Lake Abbe is situated in the middle of the hot and hellish Afar Depression; Lake Abbe stretches six miles in width and is covered in clusters of massive, steam-blasting limestone chimneys.
Although Lake Abbe is the ultimate destination for Ethiopia’s Awash River, its dry landscape absorbs the water, and the area is a vast landscape of salt flats. Besides Mount Dama Ali, a small dormant volcano, the landscape is almost completely level, and the steaming, sulphuric vents lend the region an apocalyptic and Tatooine-like look.
Some of the vents stretch as high as 150 feet into the air and make the lake visible from miles around. Despite the hellish climate near Lake Abbe, nomadic Afar shepherds live in the area, along with a surprising population of flamingos.
Location of Lake Abbe in Djibouti
The lake is situated on the Djibouti-Ethiopian border, in the hot Afar depression created by the earth’s tectonic plates pulling away from each other.

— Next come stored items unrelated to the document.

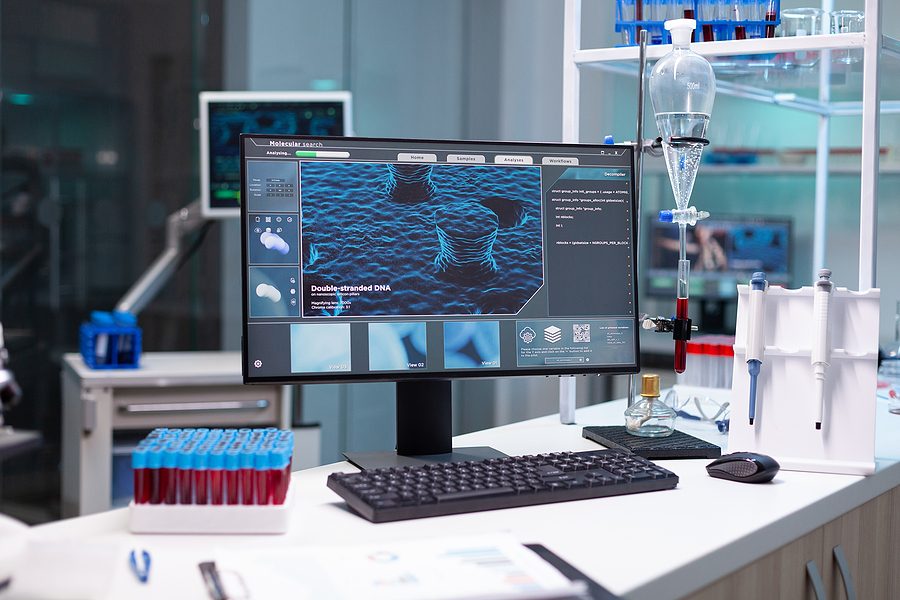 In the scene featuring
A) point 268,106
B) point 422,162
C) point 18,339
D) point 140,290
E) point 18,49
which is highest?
point 18,49

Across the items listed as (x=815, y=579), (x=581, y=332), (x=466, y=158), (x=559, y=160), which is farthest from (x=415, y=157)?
(x=815, y=579)

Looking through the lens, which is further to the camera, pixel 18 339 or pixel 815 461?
pixel 18 339

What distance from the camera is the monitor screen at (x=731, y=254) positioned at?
360 cm

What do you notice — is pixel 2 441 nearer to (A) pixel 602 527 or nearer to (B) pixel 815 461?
(A) pixel 602 527

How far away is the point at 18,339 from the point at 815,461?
273cm

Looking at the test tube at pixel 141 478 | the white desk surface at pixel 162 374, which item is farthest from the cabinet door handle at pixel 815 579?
the white desk surface at pixel 162 374

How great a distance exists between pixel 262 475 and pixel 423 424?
13.6 inches

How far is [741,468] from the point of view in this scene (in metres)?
1.08

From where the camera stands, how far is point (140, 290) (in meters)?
2.72

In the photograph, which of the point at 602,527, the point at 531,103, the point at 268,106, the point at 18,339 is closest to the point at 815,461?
the point at 602,527

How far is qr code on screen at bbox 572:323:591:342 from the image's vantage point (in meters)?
1.17

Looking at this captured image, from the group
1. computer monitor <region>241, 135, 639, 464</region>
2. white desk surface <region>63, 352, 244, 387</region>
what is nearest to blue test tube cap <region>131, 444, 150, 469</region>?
computer monitor <region>241, 135, 639, 464</region>

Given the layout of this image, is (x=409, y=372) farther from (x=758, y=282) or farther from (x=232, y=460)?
(x=758, y=282)

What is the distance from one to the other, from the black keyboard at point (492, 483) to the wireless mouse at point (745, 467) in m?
0.10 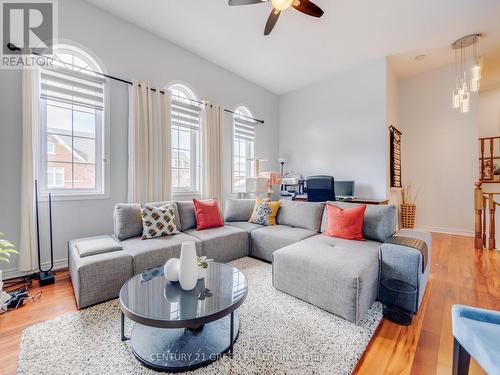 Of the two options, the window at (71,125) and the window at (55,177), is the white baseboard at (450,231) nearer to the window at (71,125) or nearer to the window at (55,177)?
the window at (71,125)

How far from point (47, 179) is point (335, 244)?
3.26 metres

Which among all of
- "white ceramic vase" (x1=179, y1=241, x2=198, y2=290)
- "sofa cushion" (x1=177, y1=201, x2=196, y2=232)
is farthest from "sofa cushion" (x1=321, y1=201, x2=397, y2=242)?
"sofa cushion" (x1=177, y1=201, x2=196, y2=232)

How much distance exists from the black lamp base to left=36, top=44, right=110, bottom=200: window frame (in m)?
0.80

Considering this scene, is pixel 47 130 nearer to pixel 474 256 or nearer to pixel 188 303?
pixel 188 303

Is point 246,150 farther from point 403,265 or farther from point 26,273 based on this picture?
point 26,273

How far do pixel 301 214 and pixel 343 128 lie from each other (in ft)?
7.86

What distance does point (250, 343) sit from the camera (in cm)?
146

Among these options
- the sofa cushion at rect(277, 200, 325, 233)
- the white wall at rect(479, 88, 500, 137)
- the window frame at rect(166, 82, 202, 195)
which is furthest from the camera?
the white wall at rect(479, 88, 500, 137)

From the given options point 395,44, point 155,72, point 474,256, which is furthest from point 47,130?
point 474,256

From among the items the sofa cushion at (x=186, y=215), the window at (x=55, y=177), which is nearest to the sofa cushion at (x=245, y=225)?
the sofa cushion at (x=186, y=215)

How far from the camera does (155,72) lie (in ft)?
11.1

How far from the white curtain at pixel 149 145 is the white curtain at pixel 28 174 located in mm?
948

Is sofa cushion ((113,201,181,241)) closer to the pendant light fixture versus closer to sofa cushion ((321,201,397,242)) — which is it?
sofa cushion ((321,201,397,242))

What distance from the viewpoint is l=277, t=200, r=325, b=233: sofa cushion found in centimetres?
299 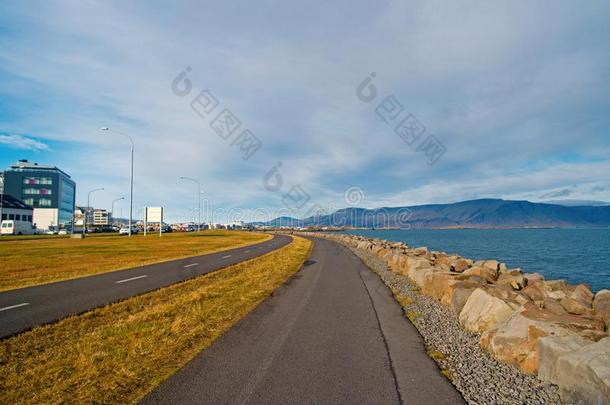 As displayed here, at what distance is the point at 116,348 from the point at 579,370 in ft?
24.8

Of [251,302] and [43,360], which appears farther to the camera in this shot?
[251,302]

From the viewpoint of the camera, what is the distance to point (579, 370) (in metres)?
4.71

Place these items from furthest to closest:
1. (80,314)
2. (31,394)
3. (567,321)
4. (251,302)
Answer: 1. (251,302)
2. (80,314)
3. (567,321)
4. (31,394)

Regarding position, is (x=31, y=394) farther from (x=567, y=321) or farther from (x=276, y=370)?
(x=567, y=321)

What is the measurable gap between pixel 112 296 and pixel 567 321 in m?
12.7

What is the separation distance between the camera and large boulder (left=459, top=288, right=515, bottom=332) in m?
7.58

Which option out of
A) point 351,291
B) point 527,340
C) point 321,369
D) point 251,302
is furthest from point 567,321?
point 251,302

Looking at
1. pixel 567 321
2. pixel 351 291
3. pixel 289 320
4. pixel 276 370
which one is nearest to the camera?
pixel 276 370

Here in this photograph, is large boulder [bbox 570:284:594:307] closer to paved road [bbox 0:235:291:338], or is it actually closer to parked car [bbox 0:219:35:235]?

Here vast salt plains stretch for kilometers, scattered with towering steam-spewing limestone chimneys, of which some are 50 meters tall. Views of the otherwise rather flat landscape are interrupted by the dormant volcano Mount Dama Ali, rising up 1,069 meters in the horizon.
How to get to Lake Abbe in Djibouti
Lake Abbe has located 90 km from the main capital Djibouti and travelers are required to strictly travel by road using 4×4 vehicles as the sand dunes may be impossible to drive through using a 2 wheel drive.
When to visit Lake Abbe
The best time to visit Lac Abbé is in the late afternoon as the sun sets and creates surreal silhouettes of the limestone chimneys.
Best time to visit Djibouti
The best time to visit Djibouti is between November to January when the weather is comparatively cooler and perfect for outdoor activities. This is also the best time of year if you wish to swim with the whale sharks as part of your Djibouti trip. May to September is pretty hot so best to avoid this low season.